Transcribe the lines below exactly, beginning with the line that holds "Fluffy Animals Funny Helmet Covers" and ending with the final line, both included. Pictures are to be left out.

--- START ---

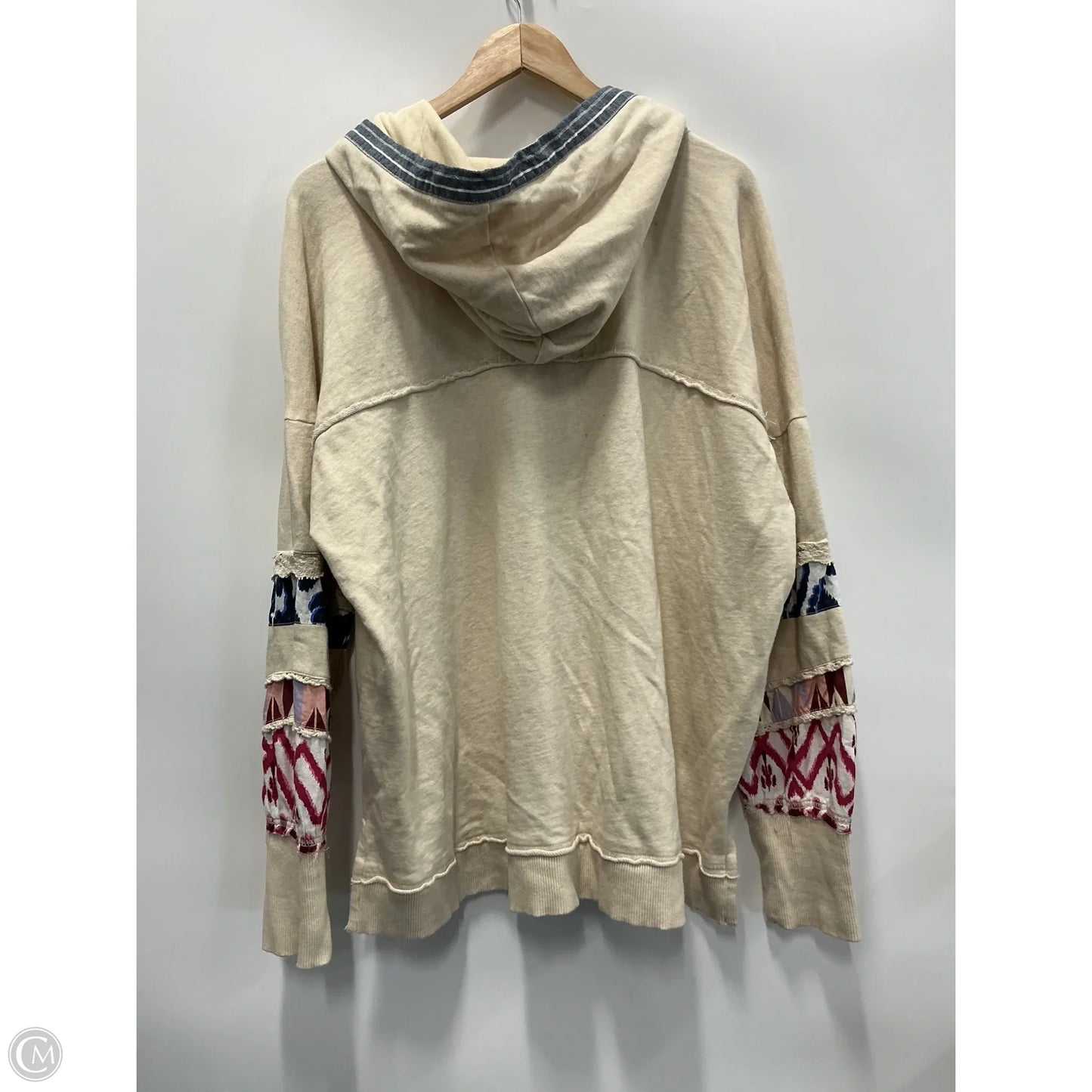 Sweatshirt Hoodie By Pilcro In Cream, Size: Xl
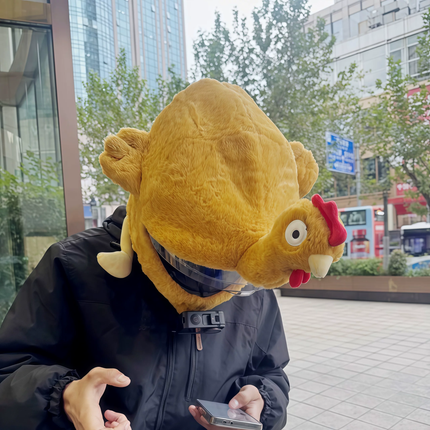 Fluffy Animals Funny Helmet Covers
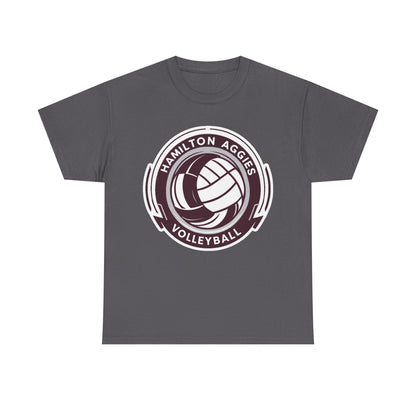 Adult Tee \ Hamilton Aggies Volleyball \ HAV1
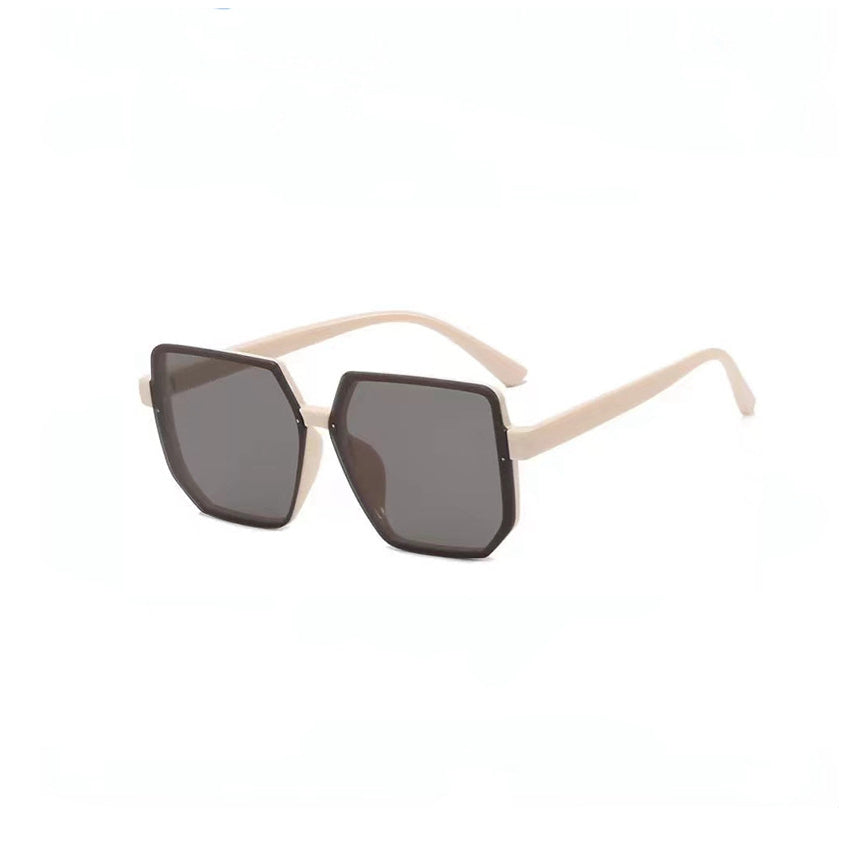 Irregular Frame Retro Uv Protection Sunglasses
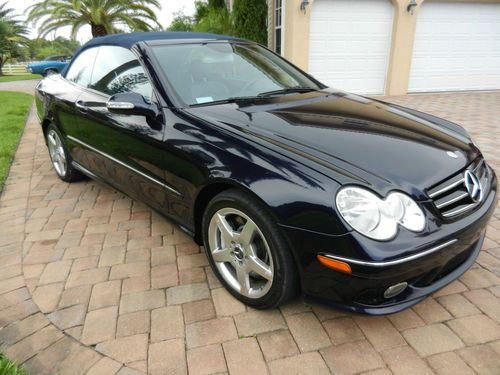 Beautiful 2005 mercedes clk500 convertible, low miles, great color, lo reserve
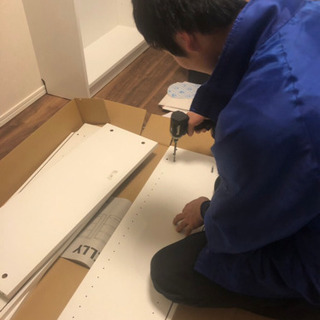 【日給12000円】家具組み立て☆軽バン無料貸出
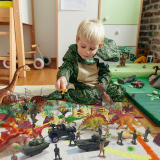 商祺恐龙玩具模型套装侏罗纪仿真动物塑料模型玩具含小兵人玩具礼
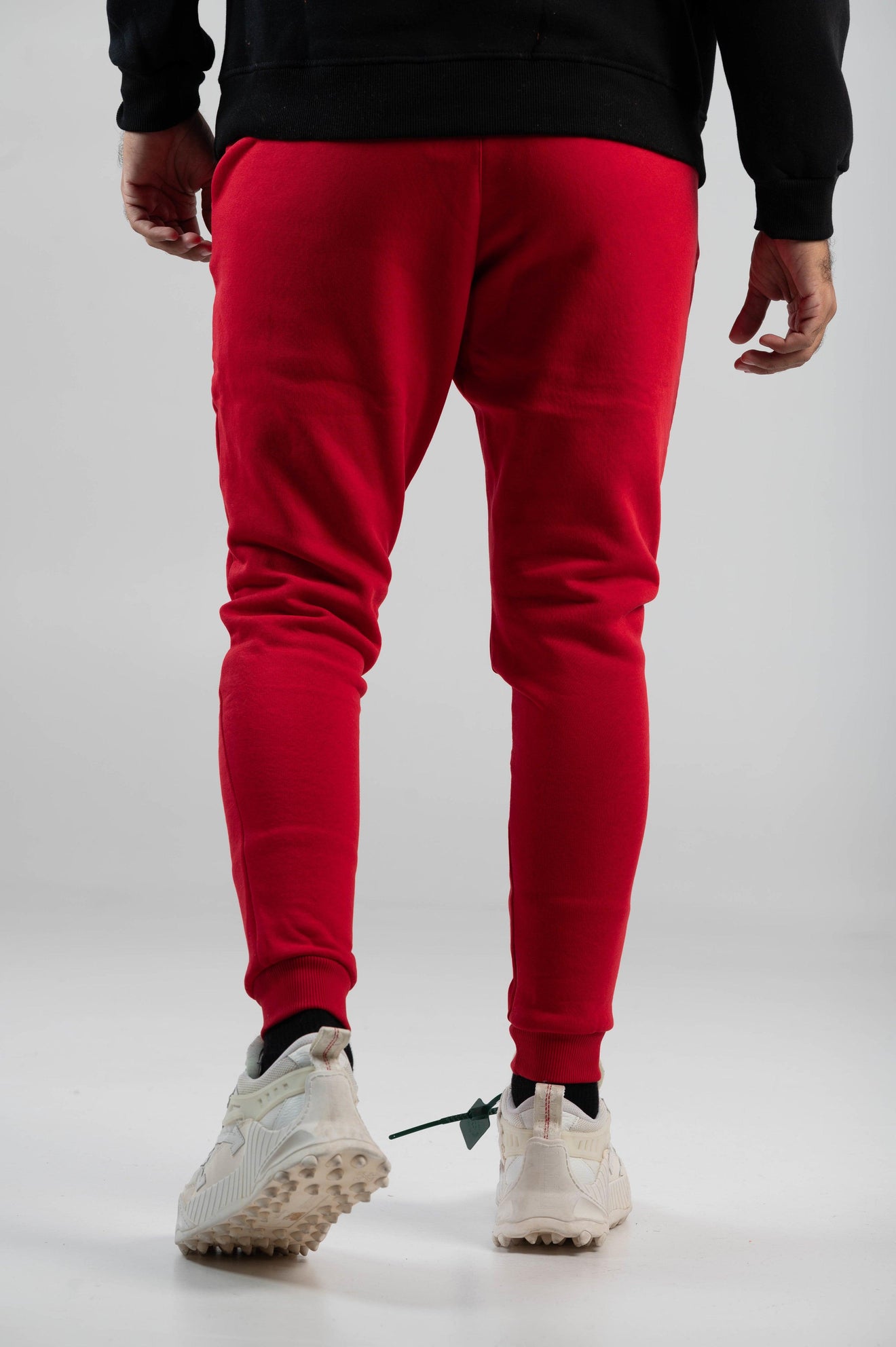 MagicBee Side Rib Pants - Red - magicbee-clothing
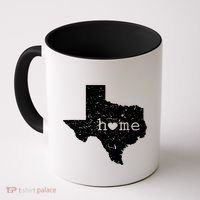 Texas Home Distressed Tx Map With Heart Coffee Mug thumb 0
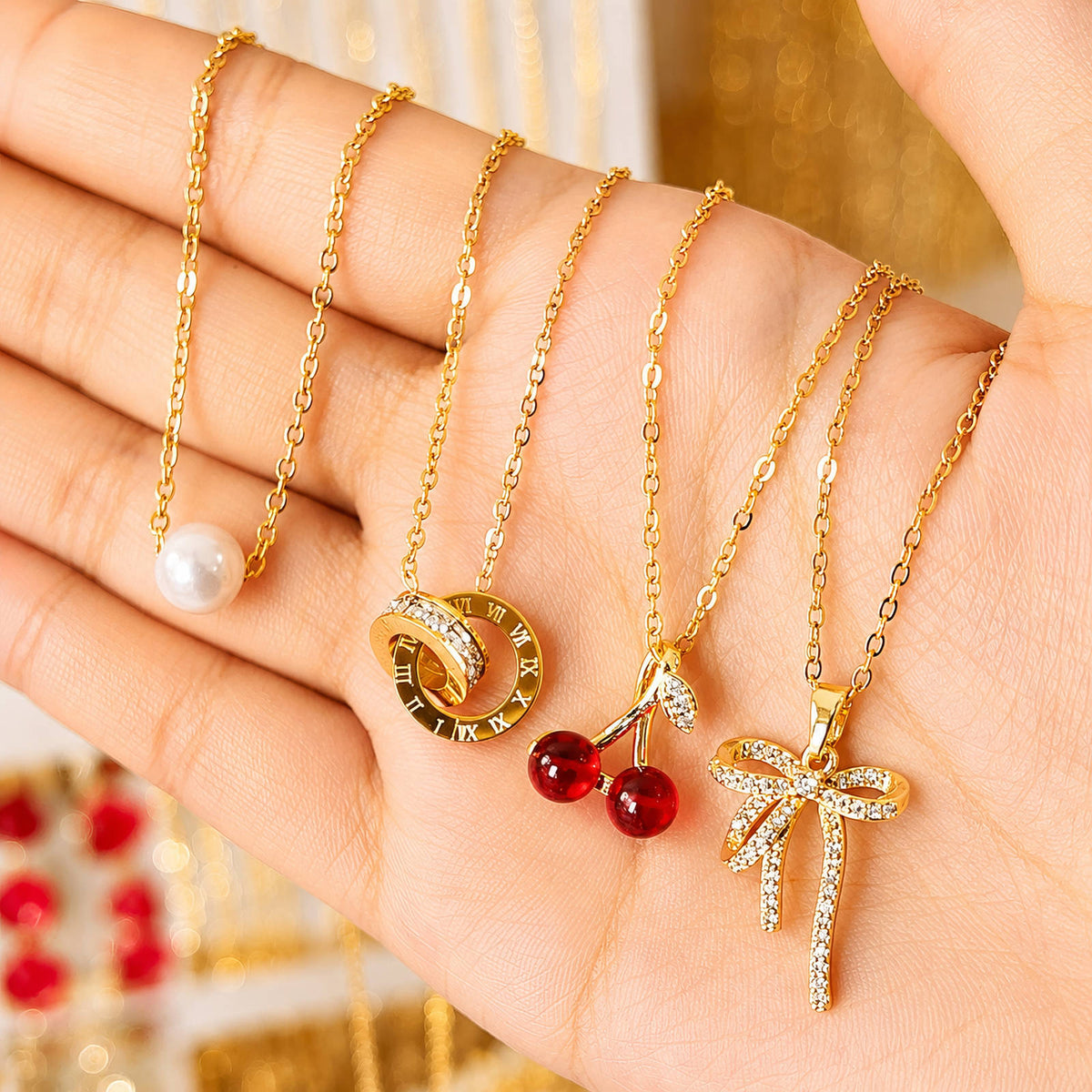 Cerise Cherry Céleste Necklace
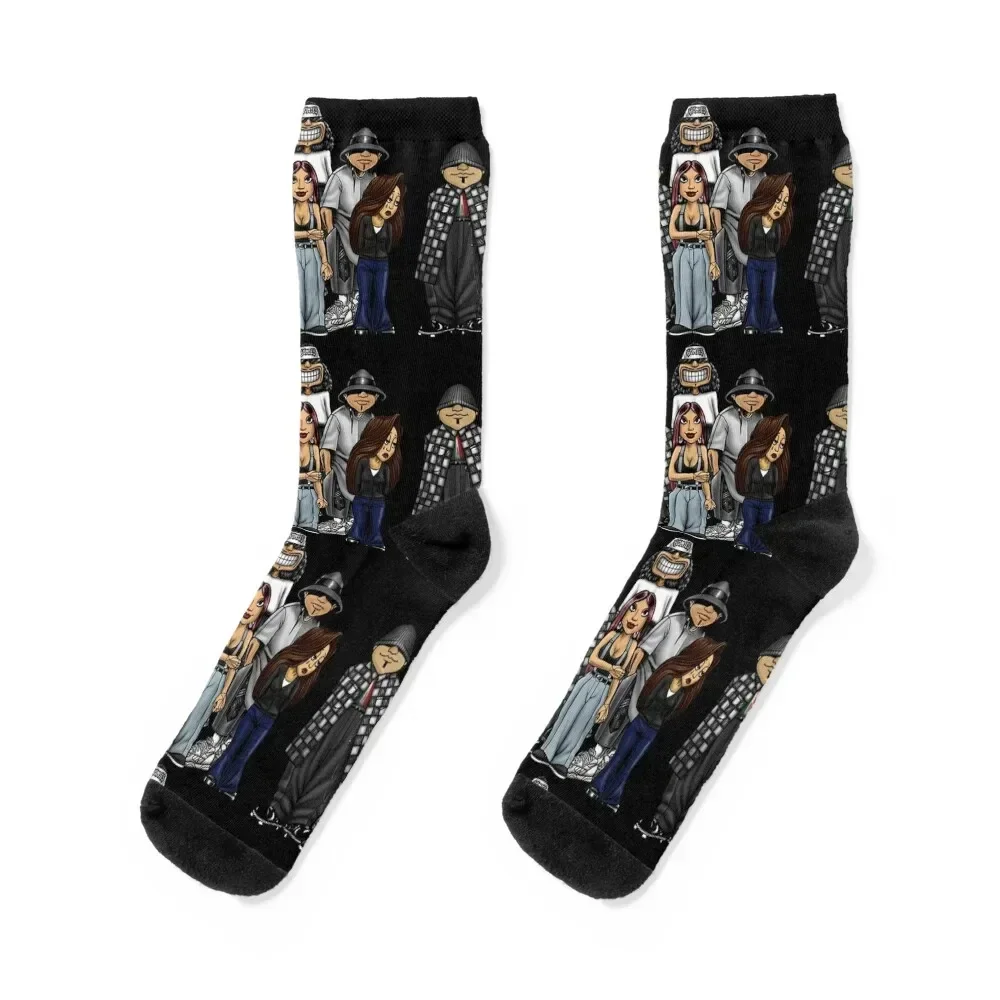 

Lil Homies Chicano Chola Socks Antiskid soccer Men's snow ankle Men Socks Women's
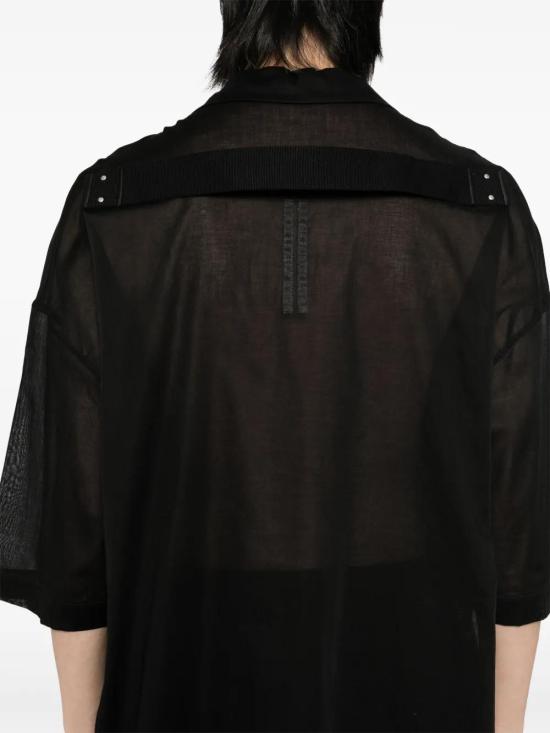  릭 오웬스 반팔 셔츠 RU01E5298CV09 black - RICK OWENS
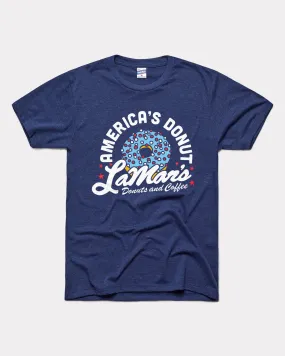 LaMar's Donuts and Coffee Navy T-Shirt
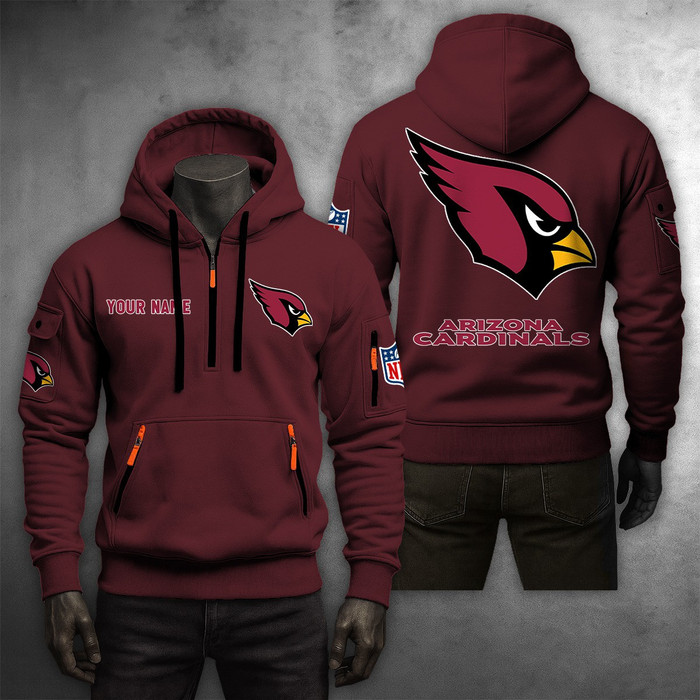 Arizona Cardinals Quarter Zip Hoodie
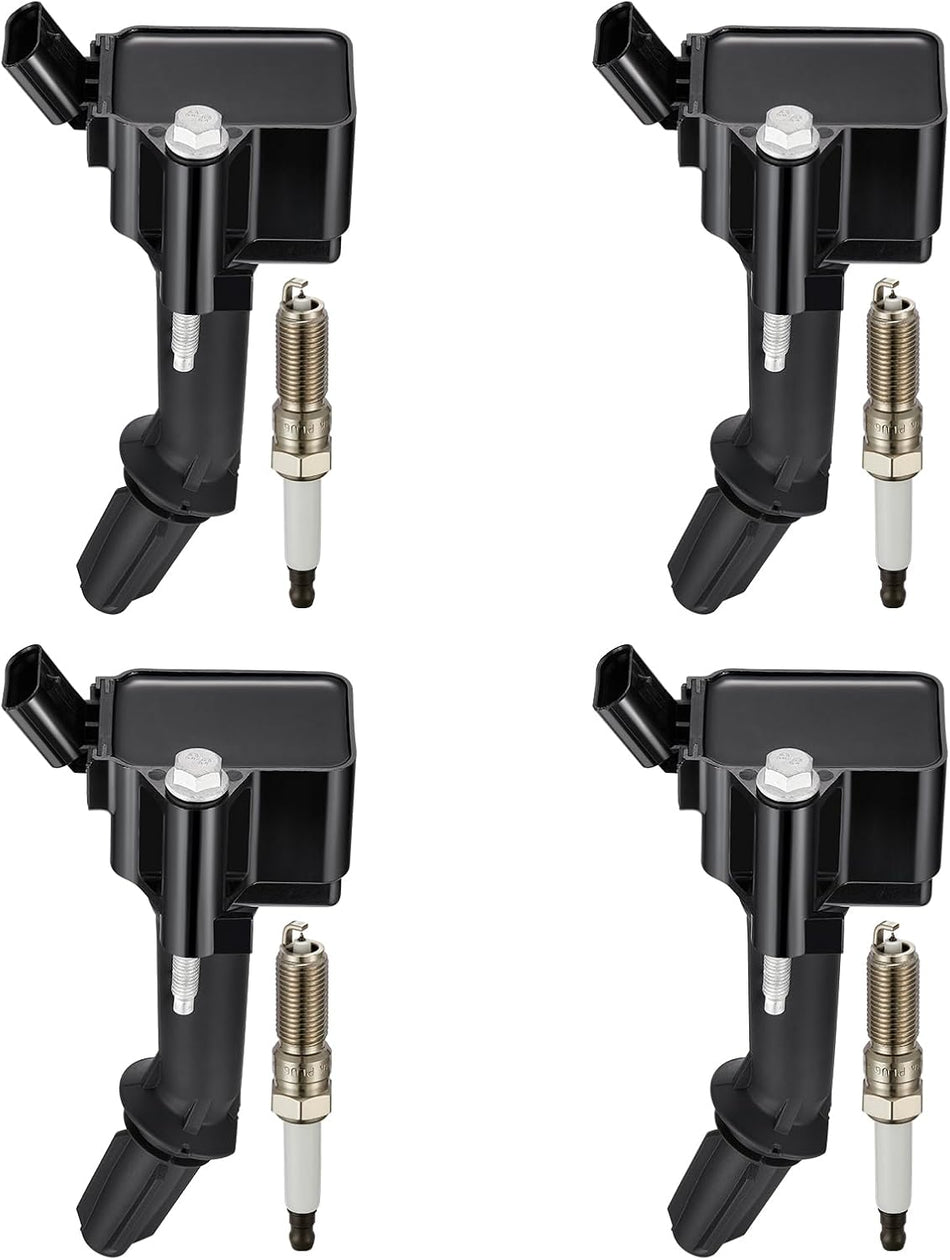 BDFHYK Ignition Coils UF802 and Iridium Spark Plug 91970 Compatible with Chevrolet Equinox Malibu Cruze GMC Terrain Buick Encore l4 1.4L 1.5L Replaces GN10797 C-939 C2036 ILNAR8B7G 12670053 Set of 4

--- END ---

* **SOLUTION**:
 Fluffy Animals Funny Helmet Covers
 Adult Tee \ Hamilton Aggies Volleyball \ HAV1
 Irregular Frame Retro Uv Protection Sunglasses
 Beautiful 2005 mercedes clk500 convertible, low miles, great color, lo reserve
 【日給12000円】家具組み立て☆軽バン無料貸出
 商祺恐龙玩具模型套装侏罗纪仿真动物塑料模型玩具含小兵人玩具礼
 MagicBee Side Rib Pants - Red - magicbee-clothing
 Texas Home Distressed Tx Map With Heart Coffee Mug thumb 0
 Cerise Cherry Céleste Necklace

Lil Homies Chicano Chola Socks Antiskid soccer Men's snow ankle Men Socks Women's
  릭 오웬스 반팔 셔츠 RU01E5298CV09 black - RICK OWENS
 LaMar's Donuts and Coffee Navy T-Shirt
 Arizona Cardinals Quarter Zip Hoodie
 BDFHYK Ignition Coils UF802 and Iridium Spark Plug 91970 Compatible with Chevrolet Equinox Malibu Cruze GMC Terrain Buick Encore l4 1.4L 1.5L Replaces GN10797 C-939 C2036 ILNAR8B7G 12670053 Set of 4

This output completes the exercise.